An Australian icebreaker is closing in on a ship wedged in Antarctic sea ice as part of a second rescue mission to free the stricken ship.
A group of scientists, explorers and tourists has been stuck on the Russian research ship Akademik Shokalskiy, about 1500 nautical miles south of Hobart, for the past five days.
Two icebreakers have given up their efforts to push through the thick and dangerous ice floes near Antarctica to try to free the trapped research ship.
A third icebreaker, Australia’s Aurora Australis, is on its way to the ship and was due to arrive about 11 o’clock last night.
It is the last ship in the area that will be able to help.

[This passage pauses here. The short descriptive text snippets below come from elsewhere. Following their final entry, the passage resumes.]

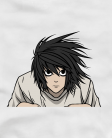 Deat note L anime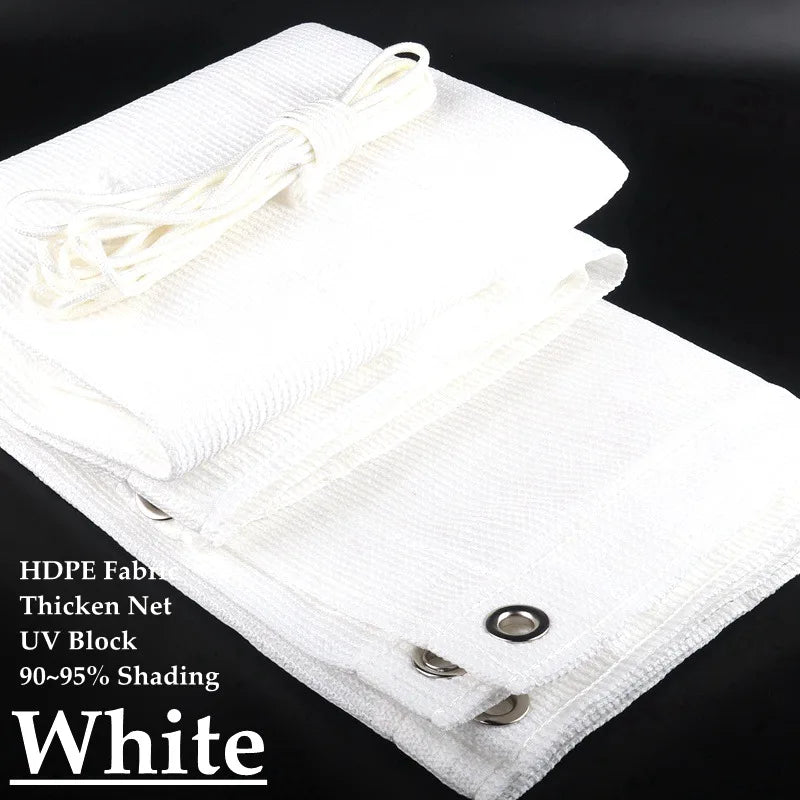 Malla de sombra HDPE 95 % anti-UV para pérgola o balcónMallasHardware > Fencing & Barriers > Fence Panels > Privacy Panels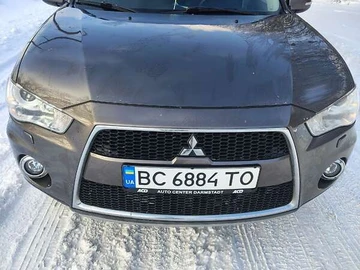 Авто Mitsubishi Outlander 2011 № 8391876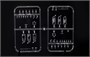 2147  авиация  Aces of The Eighth P-51D Mustang  (1:72) 8591437590650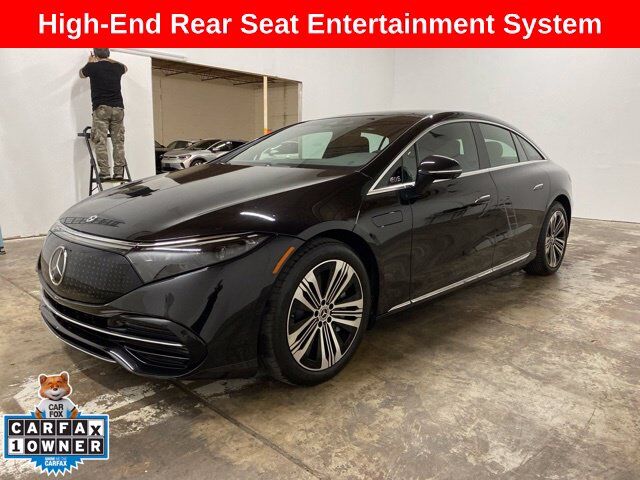 2024 Mercedes-Benz EQS 450 Base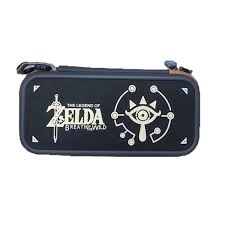Nintendo Switch Case : ZELDA BREATH OF THE WILD EDITION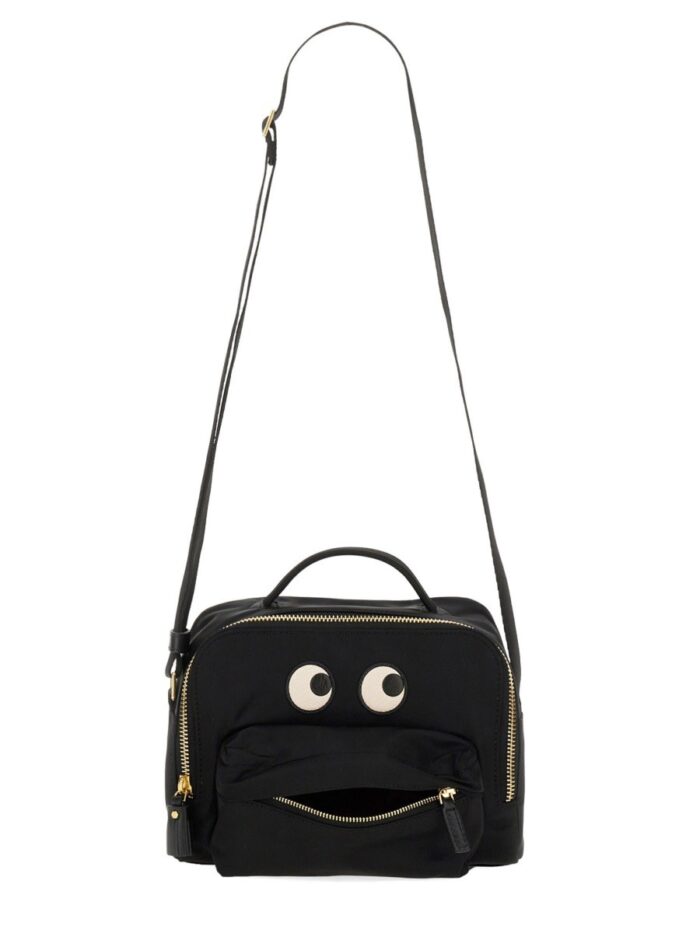 ANYA HINDMARCH BORSA A TRACOLLA "EYES"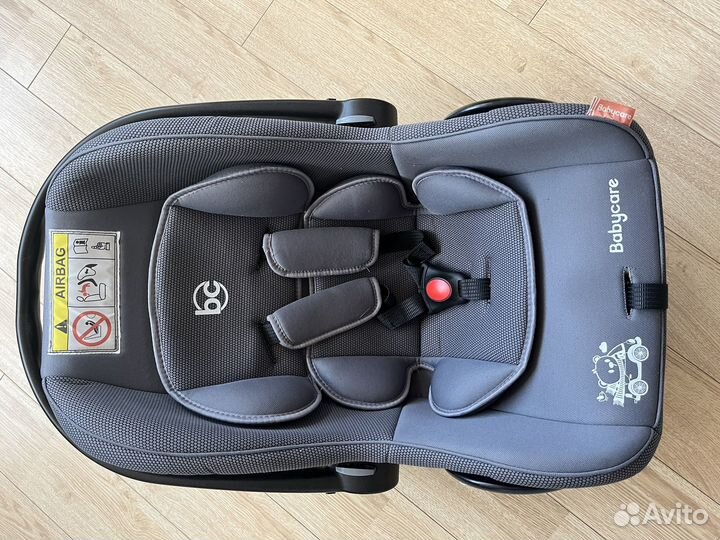 Детское автокресло от 0 до 10 кг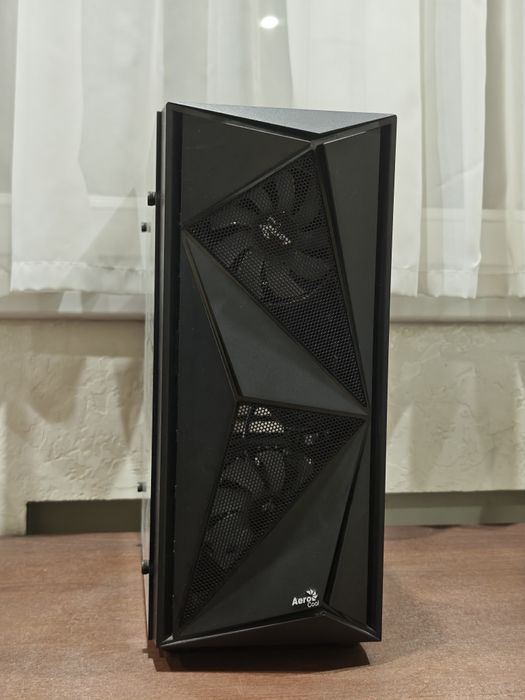 Игровой компьютер без видеокарты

If the Aurora Australis can’t battle through the ice, the Australian Maritime Safety Authority says a second option may be to consider ferrying trapped passengers with a helicopter.
The locked-in ship, with 74 people on board, sent a distress call on Christmas Day after becoming trapped in heavy sea ice.
The ship had been undertaking the Spirit of Mawson voyage, which is retracing Sir Douglas Mawson’s Antarctic expedition.
Illawarra scientist Professor Chris Turney, of the University of NSW, is leading the expedition, comprising scientists, explorers and enthusiasts undertaking climate research. University of Wollongong academic Ben Maddison is also on board.
Prof Turney said during several interviews with international media outlets that everyone was in good spirits despite the ordeal.
The Aurora is rated at being able to push through ice slightly deeper than one metre thick.